Cooking on a gas range top for months as the valve seems to slowly break.
At first, it was the eggs. I’ve had this stove for years, I know how to work with uneven heat.
Some mornings I had to throw them in the garbage and start again. I mean, eggs. I began to lose my patience.
But I can’t afford a new stove. The money just isn’t there. So, I do what I always do. I work with what I have.
In the middle of the night a few weeks ago, after three days in a row of giving up on breakfast and going to work hungry, I laid perfectly still, waiting for the breeze to reach my sweaty forehead.
Eyes open, looking at a stucco ceiling in the dark as the light from street lamps play with the ruffled leaves and cast certain shadows, shapes that feel familiar.
A desire to give up cooking eggs altogether rising up from my chest, from somewhere behind my heart, but there’s nothing else for breakfast.
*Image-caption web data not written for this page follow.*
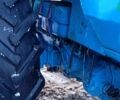 МТЗ 82 Бєларус, об'ємом двигуна 5 л та пробігом 0 тис. км за 6900 $, фото 4 на Automoto.ua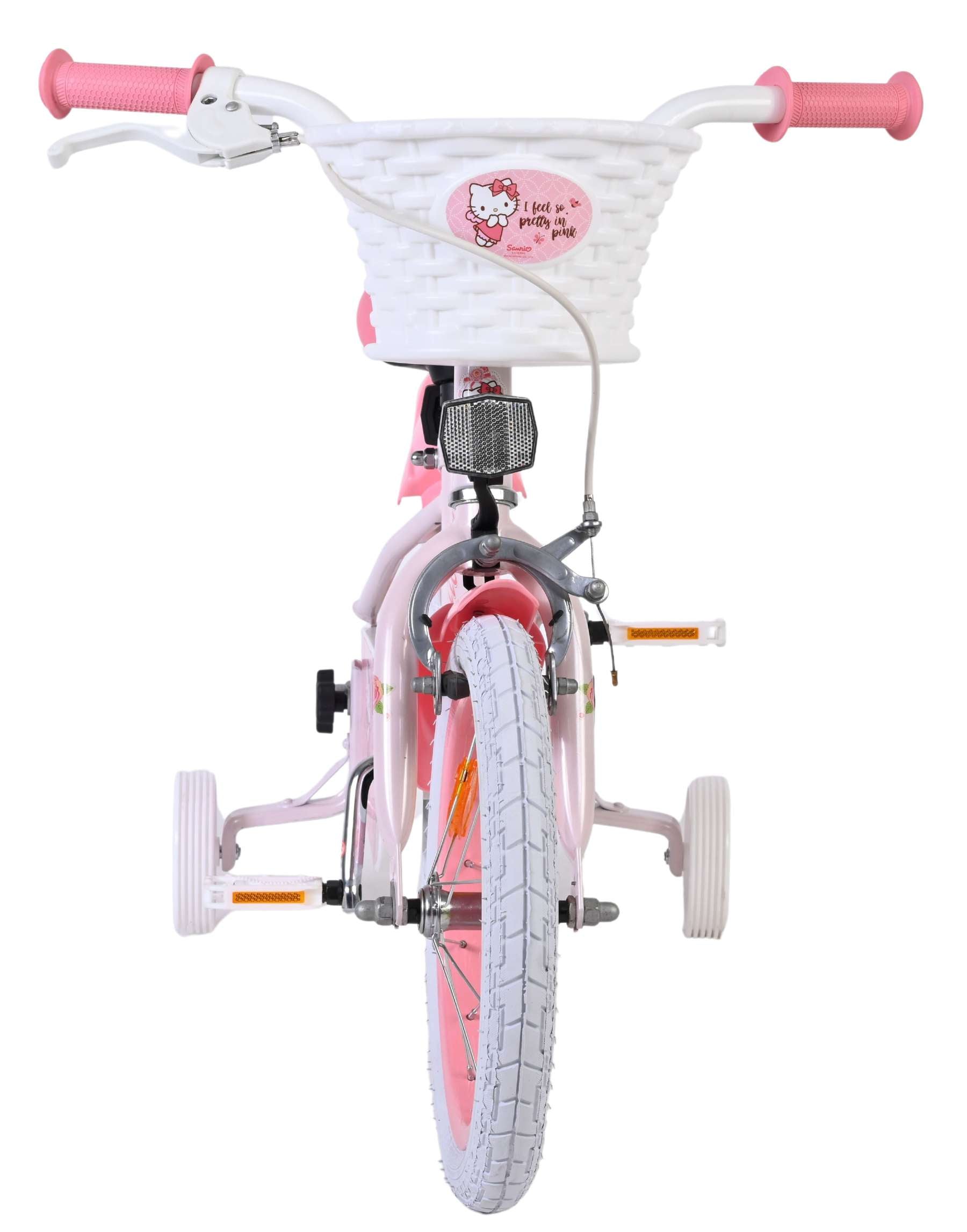 volare-hello-kitty-kinderfahrrad-14-zoll-rosa-m-dchen-korb image 6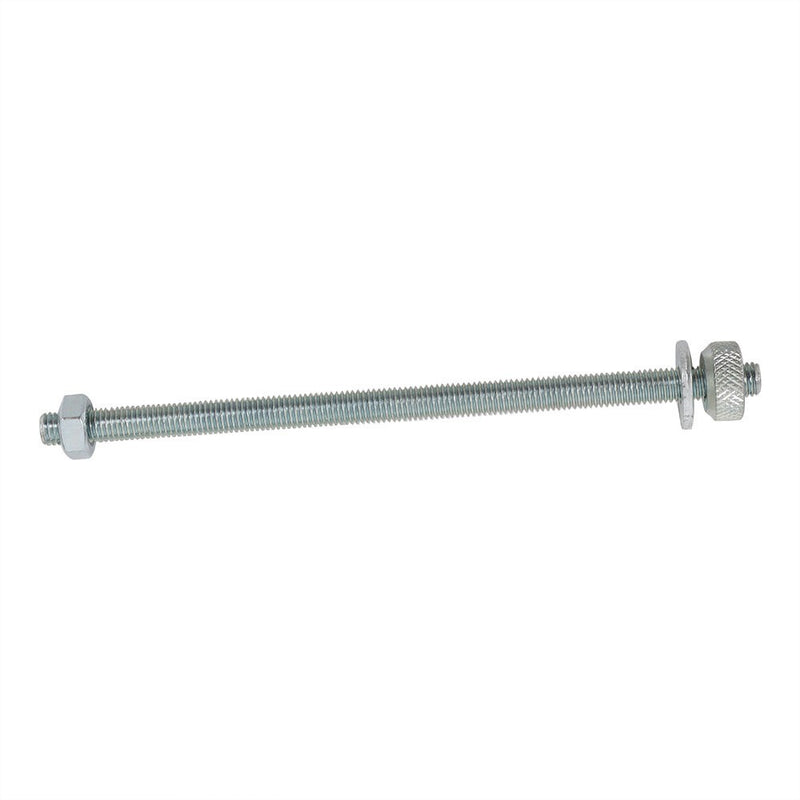 DURAFORCE Kawasaki Teryx 750 2008-2013 Primary Clutch Spider Tool & Holding Fixture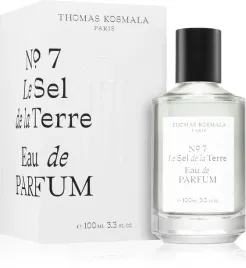 thomas-kosmala-no-7-le-sel-de-la-terre-woda-perfumowana-100ml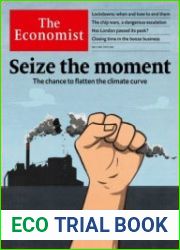 The Economist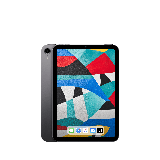 Apple iPad mini 6 2021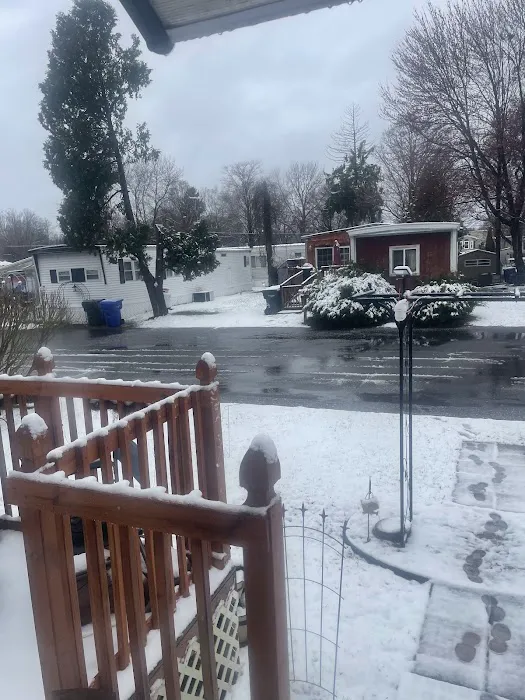 Boston Rd. Mobilehome Park 3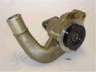 JAPANPARTS PQ-332 vandens siurblys 
 Aušinimo sistema -> Vandens siurblys/tarpiklis -> Vandens siurblys
1E04-15-010, 1E04-15-010B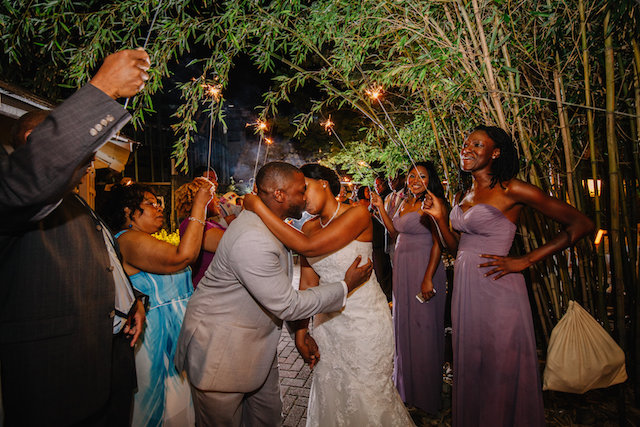 monique-and-larry-wedding97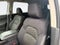 2024 Nissan Pathfinder SV FWD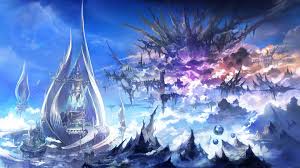 What is the use of a desktop. Download Final Fantasy 10 Wallpaper Phone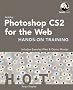 Adobe Photoshop CS2 for the Web Hands-On Training Adobe Photoshop CS2 for the Web Hands-On Training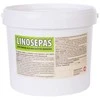 Asepas LEGO FINISHING AGENT LINOSEPAS COLORLESS 5L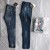 SIE - jeans donna MISS SIXTY e KILLAH (12)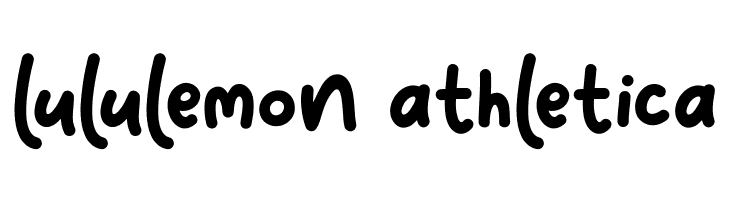 Pulang  Descarca Fonturi Gratis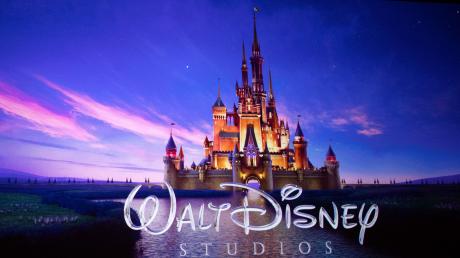 Disney will in Zukunft auch einen Streamingdienst anbieten – eine ernsthafte Konkurrenz für Netflix, denn dort laufen viele Disney-Filme momentan. 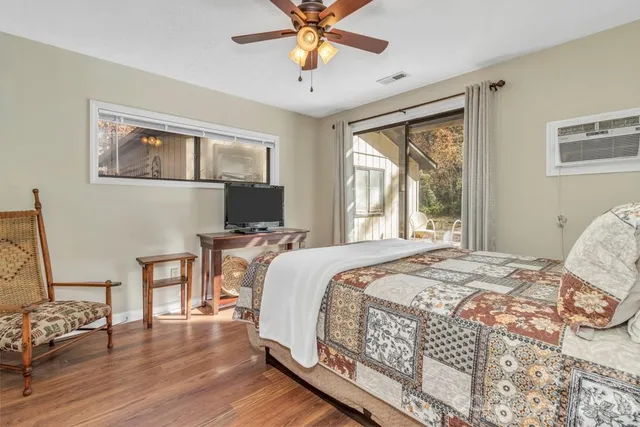 $1,400,000 | 111 Hidden Pond Lane, Asheville, NC 28804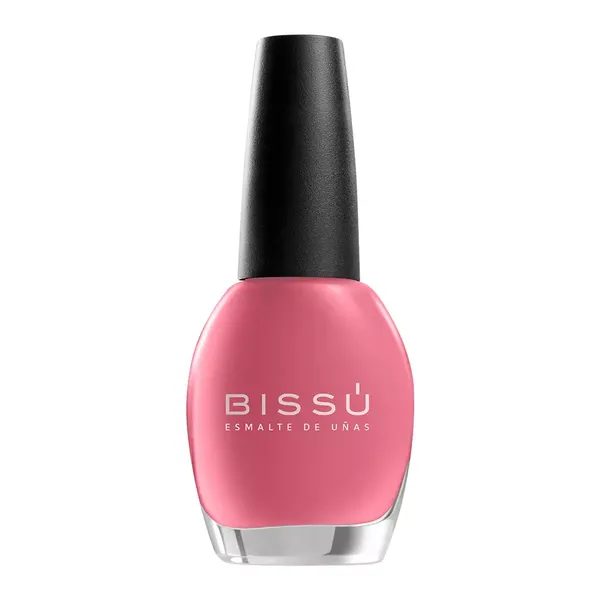 7 - Barniz Alas Bissú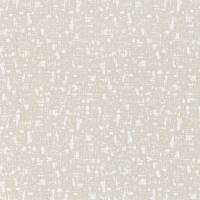 Lucette Wallpaper - Pearl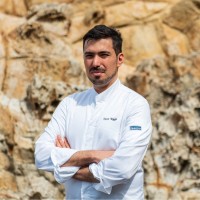 Luca Teggi
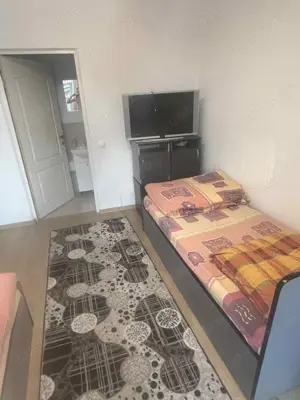 Cazare muncitori - imagine 8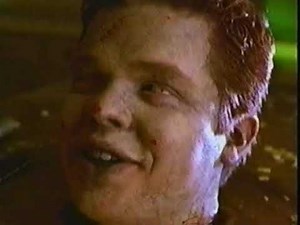 Idle Hands movie trailer from 1999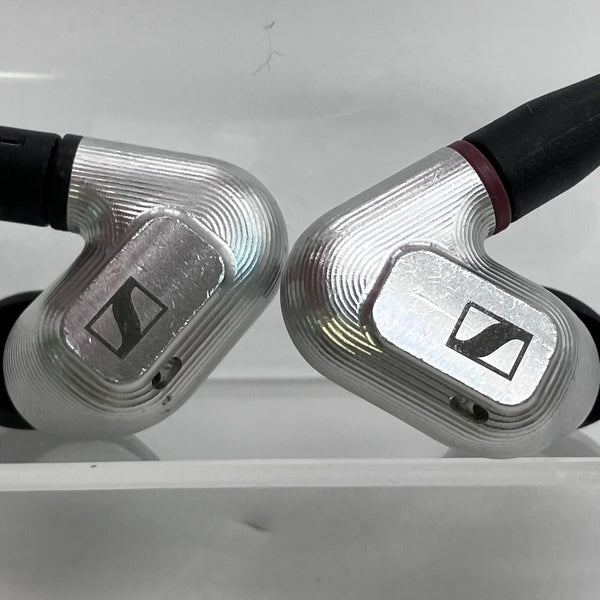 【中古】IE 900【名古屋】
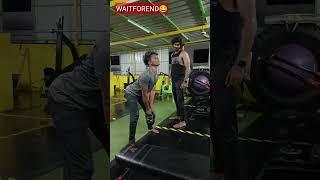 WAITFOREND || VENUVIRATCOMEDY || VENUVIRATJOKES || VENUVIRATSHORTS || VENUVIRATVIDEOS || #gym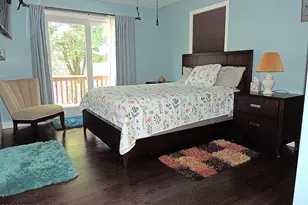 182 Lennon Rd, Greentown, PA 18426 - Photo 31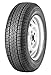 Produktbild Continental EcoContact EP FR - 175/55R15 77T - Sommerreifen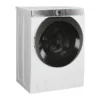 Machine à laver Hoover H5WPB414AMBC-S H-Wash 550 cm. 60 - capacité 14 kg - blanc – Image 3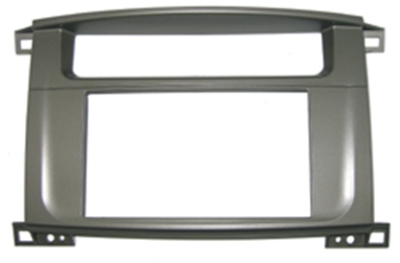 Stereoram DFP-11-15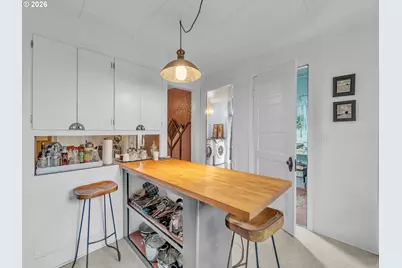 22355 SW Dejong Rd, Sheridan, OR 97378 - Photo 20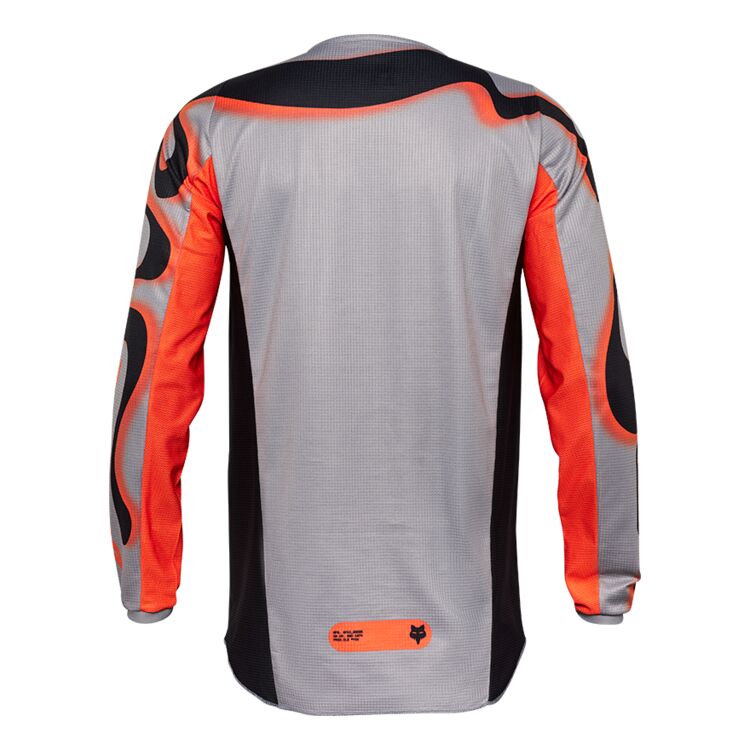 Fox Racing 180 Emotion Jersey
That’s it. That’s all I have. Eggs that are delivered to my door each week as part of the communal fresh food project I signed up for. It was supposed to reduce the grocery bills.
But now I can’t remember how to shop in a store. On the third day without breakfast, I tried to find something in the cereal aisle. Picking up boxes with shaking hands. Reading ingredients out loud, hoping a nice old woman would come by to offer help.
The store was pretty bare that morning. And nothing on the boxes made sense. I couldn’t figure out what I would have been ingesting, so I put the boxes down on the floor and walked out without anything.
Watching the blotches of light on my ceiling and how they don’t bleed into the shadows. Wondering what is the purpose of light that remains separate.
Going to the bathroom at four in the morning, splashing water on my face to wash off the sheen of sleeplessness. In the mirror, in the dim light afforded by a lamp I had left burning in the other room, I look at myself.
There I am. There is me. The me that I am right now. The me that is a harmonious collection of each moment I’ve lived so far.
If harmony exists, then so must discord. And this sets my tired brain cranking the handle that starts up the cogs.
Parts of me hurting parts of you the way they hurt me, the way you reacted to them.
Parts of you twisting parts of me the way they twisted you, the way they tied me down.
Parts of us working together to kick parts of them in the back of their knees, felling them the way they once tore us down.
Parts of them laughing at us, picking us up by the hair, flicking us back through the air.
Parts of them leaving us the way they were left, the way they would, so long ago, discard a stale, half eaten butter and sugar sandwich even though they were starving.
None of this makes sense to me at four oh nine in the morning. But there it is, a jumble of ideas flowing through my mind, coming out as words that might make sense later.
Back in bed, reluctant to close my eyes, hesitant to allow time to march forward.
To face another morning trying to make eggs when failure seems likely feels like too much.
I want to curl up under my blanket and stay all day, forgetting about everything, letting whatever needs to be done be put on hold.
Have I reached the summit, I wonder. Could this possibly be what the summit feels like?
I always imagined the highest point to come with elation.
And then I remember, almost eight months ago, how I climbed that steep hill and stayed with the breath that filled and then left my lungs.
At the top, I threw my hands up in the air like I had won the lottery. I knew somehow this would change things. And my nerves spoke gently to my mind. Somehow, I believed the accomplishment would bring a need to be more cautious.
Maybe this giving up on eggs for a day even though there is nothing else for breakfast is a low, not a high.
I can’t tell anymore, because so many summits have felt like pain and so many valleys have felt like relief.